• [WHAT YOU SHOULD DO]
Will you quote precisely the lines that run from the top of the material below to the line containing "Camicia con risvolto", both ends included?

[[ DATA FOR ANALYSIS, beginning ]]

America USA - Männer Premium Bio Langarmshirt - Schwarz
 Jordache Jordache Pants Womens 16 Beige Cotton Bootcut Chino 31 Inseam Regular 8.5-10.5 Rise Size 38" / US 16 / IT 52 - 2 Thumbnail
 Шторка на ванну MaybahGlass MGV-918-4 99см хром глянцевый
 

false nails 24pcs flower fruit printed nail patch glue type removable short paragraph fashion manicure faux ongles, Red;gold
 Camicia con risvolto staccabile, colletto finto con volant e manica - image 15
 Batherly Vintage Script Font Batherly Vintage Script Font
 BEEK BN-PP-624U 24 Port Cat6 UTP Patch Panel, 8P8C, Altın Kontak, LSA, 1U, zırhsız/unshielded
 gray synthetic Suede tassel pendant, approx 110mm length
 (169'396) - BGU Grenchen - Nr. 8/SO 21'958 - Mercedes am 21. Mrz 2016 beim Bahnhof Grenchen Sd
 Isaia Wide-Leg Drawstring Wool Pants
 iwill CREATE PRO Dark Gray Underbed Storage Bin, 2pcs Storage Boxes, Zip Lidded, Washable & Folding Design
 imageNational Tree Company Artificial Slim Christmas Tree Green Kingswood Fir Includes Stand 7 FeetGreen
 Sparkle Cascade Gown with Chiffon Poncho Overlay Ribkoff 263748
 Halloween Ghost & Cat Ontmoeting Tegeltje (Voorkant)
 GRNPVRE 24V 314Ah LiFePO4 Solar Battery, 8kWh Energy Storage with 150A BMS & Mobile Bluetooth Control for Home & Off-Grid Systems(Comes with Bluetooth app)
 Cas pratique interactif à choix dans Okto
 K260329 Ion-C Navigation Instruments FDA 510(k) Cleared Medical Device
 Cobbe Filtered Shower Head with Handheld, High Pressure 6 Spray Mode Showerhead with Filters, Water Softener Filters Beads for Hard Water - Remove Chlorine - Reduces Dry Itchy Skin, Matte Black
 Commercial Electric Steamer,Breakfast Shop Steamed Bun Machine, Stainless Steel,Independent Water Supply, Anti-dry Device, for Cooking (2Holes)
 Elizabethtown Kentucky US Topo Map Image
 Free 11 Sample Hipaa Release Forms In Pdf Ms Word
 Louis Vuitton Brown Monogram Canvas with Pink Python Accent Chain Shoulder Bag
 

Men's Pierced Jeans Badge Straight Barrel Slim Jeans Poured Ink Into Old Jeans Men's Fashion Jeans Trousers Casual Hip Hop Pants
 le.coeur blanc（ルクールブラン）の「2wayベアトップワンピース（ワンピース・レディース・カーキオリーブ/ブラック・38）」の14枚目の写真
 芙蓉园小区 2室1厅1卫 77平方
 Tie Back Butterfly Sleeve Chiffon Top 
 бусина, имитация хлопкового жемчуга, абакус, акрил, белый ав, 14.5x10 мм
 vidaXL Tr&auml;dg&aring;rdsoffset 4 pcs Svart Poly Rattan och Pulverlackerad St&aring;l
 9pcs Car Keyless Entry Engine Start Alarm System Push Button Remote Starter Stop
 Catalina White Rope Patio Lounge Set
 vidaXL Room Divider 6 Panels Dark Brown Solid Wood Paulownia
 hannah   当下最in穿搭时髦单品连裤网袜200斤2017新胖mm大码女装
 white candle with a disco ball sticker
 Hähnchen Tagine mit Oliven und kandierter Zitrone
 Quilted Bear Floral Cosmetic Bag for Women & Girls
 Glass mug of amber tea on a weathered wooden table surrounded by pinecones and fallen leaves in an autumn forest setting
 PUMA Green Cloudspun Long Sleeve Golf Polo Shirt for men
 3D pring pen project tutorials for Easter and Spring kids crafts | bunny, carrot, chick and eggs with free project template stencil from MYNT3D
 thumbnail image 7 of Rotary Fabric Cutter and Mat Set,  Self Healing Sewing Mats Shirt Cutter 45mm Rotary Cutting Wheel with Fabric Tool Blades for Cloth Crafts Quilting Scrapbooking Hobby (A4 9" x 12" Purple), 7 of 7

[[ DATA FOR ANALYSIS, end ]]

• [OUTPUT]
America USA - Männer Premium Bio Langarmshirt - Schwarz
 Jordache Jordache Pants Womens 16 Beige Cotton Bootcut Chino 31 Inseam Regular 8.5-10.5 Rise Size 38" / US 16 / IT 52 - 2 Thumbnail
 Шторка на ванну MaybahGlass MGV-918-4 99см хром глянцевый
 

false nails 24pcs flower fruit printed nail patch glue type removable short paragraph fashion manicure faux ongles, Red;gold
 Camicia con risvolto staccabile, colletto finto con volant e manica - image 15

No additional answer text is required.